Exercise instructions: Retype every entry below without altering anything.

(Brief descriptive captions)

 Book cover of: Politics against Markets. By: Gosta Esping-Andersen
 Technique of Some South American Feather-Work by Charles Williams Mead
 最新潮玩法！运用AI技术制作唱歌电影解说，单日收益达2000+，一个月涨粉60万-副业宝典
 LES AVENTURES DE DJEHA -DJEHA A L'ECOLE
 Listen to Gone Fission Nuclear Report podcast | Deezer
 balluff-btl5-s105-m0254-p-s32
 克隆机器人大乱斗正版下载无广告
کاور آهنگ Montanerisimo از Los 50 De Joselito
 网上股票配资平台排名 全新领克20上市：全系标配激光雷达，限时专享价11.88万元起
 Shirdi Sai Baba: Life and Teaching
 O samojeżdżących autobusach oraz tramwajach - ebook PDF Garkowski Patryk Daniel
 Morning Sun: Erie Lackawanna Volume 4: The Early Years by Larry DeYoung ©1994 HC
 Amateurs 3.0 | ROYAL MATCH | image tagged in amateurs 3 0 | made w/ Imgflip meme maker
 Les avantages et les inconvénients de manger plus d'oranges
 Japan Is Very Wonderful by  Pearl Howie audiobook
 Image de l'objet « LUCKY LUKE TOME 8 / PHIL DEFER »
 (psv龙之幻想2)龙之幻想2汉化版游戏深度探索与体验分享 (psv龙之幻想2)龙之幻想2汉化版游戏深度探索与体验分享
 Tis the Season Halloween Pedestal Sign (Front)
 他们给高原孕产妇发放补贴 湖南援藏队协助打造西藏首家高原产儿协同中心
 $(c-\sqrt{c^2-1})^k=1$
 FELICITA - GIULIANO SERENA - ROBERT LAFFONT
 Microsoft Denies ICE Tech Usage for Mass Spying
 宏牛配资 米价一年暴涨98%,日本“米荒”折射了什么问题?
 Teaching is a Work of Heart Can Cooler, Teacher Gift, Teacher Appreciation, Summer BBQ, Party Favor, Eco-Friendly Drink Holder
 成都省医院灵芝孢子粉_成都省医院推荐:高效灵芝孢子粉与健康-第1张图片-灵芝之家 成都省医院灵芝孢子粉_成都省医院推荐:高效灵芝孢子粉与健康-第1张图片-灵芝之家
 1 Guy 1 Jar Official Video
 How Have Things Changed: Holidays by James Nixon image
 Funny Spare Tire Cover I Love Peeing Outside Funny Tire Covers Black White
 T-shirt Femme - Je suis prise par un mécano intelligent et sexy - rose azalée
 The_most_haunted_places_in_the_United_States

Result of the exercise:
 Book cover of: Politics against Markets. By: Gosta Esping-Andersen
 Technique of Some South American Feather-Work by Charles Williams Mead
 最新潮玩法！运用AI技术制作唱歌电影解说，单日收益达2000+，一个月涨粉60万-副业宝典
 LES AVENTURES DE DJEHA -DJEHA A L'ECOLE
 Listen to Gone Fission Nuclear Report podcast | Deezer
 balluff-btl5-s105-m0254-p-s32
 克隆机器人大乱斗正版下载无广告
کاور آهنگ Montanerisimo از Los 50 De Joselito
 网上股票配资平台排名 全新领克20上市：全系标配激光雷达，限时专享价11.88万元起
 Shirdi Sai Baba: Life and Teaching
 O samojeżdżących autobusach oraz tramwajach - ebook PDF Garkowski Patryk Daniel
 Morning Sun: Erie Lackawanna Volume 4: The Early Years by Larry DeYoung ©1994 HC
 Amateurs 3.0 | ROYAL MATCH | image tagged in amateurs 3 0 | made w/ Imgflip meme maker
 Les avantages et les inconvénients de manger plus d'oranges
 Japan Is Very Wonderful by  Pearl Howie audiobook
 Image de l'objet « LUCKY LUKE TOME 8 / PHIL DEFER »
 (psv龙之幻想2)龙之幻想2汉化版游戏深度探索与体验分享 (psv龙之幻想2)龙之幻想2汉化版游戏深度探索与体验分享
 Tis the Season Halloween Pedestal Sign (Front)
 他们给高原孕产妇发放补贴 湖南援藏队协助打造西藏首家高原产儿协同中心
 $(c-\sqrt{c^2-1})^k=1$
 FELICITA - GIULIANO SERENA - ROBERT LAFFONT
 Microsoft Denies ICE Tech Usage for Mass Spying
 宏牛配资 米价一年暴涨98%,日本“米荒”折射了什么问题?
 Teaching is a Work of Heart Can Cooler, Teacher Gift, Teacher Appreciation, Summer BBQ, Party Favor, Eco-Friendly Drink Holder
 成都省医院灵芝孢子粉_成都省医院推荐:高效灵芝孢子粉与健康-第1张图片-灵芝之家 成都省医院灵芝孢子粉_成都省医院推荐:高效灵芝孢子粉与健康-第1张图片-灵芝之家
 1 Guy 1 Jar Official Video
 How Have Things Changed: Holidays by James Nixon image
 Funny Spare Tire Cover I Love Peeing Outside Funny Tire Covers Black White
 T-shirt Femme - Je suis prise par un mécano intelligent et sexy - rose azalée
 The_most_haunted_places_in_the_United_States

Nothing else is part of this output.